O cardeal Jorge Mejia, da Argentina, disse nesta sexta-feira que o papa João Paulo 2º pode entregar o seu cargo devido à sua idade avançada e sua saúde frágil.

"Tenho certeza de que ele já está se perguntando isso (se renuncia ou não) há algum tempo", disse Mejia ao periódico argentino La Nación.

No entanto, o cardeal Mario Francesco Pompedda, o principal representante legal do Vaticano, disse que a renúncia do sumo-pontífice não estava em questão.

Indiferente às especulações, João Paulo 2º trabalhou normalmente no dia seguinte às comemorações do seu jubileu de prata, e recebeu o presidente polonês, Aleksander Kwasniewski.

Kwasnieswki disse, depois do encontro, que o seu compatriota estava "em boas condições", mas acrescentou que o papa está sofrendo de "males muito sérios".

Durante a missa a céu aberto de quinta-feira, João Paulo 2º pediu que o povo rezasse para que Deus lhe desse forças para continuar o seu trabalho.

Dificuldades

Embora estivesse lúcido, o papa de 83 anos passou toda a missa afundado em seu trono e as suas palavras freqüentemente se embaralhavam e ficavam quase incompreensíveis.
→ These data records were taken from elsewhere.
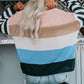 One Size Color Block Boat Neck Dropped Shoulder Sweater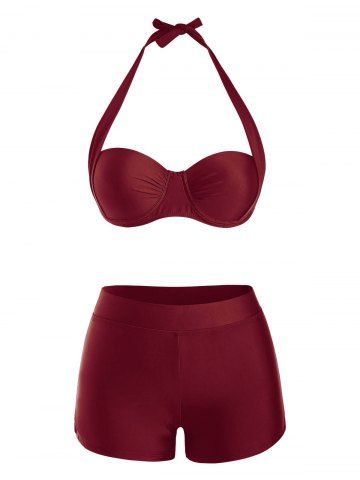 Halter Tie Boyleg Push Up Bikini Swimwear - DEEP RED - S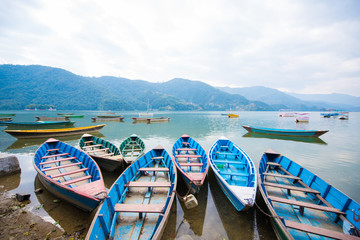 rowboat symbol of Phewa lakeshore in Pokhara city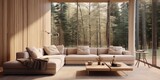 Interior of modern living room with big window, cozy home design with beige sofa and wooden paneling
Parte de sua homilia foi lida por um assessor.

"Alguém que não consegue falar, não pode celebrar uma missa", afirmou o cardeal Mejia.

Já o cardeal Pompedda, chefe do Tribunal da Assinatura Apostólica, o corte oficial do Vaticano, insistiu que o papa está em perfeitas condições para desempenhar as suas funções.

"Hoje em dia, o papa está encontrando dificuldades claras para falar, mas isso é puramente fonético, já que ele não tem o menor problema em expressar os seus pensamentos", disse Pompedda.

"Por isso, a questão da renúncia do pontífice não está em discussão."

O presidente polonês fez um apelo às pessoas para não pressionarem ainda mais o papa com insistentes pedidos de visitas.

"Essas contínuas visitas o prejudicam", disse Kwasniewski. "Temos que entender e não exigir mais dele do que ele pode nos oferecer."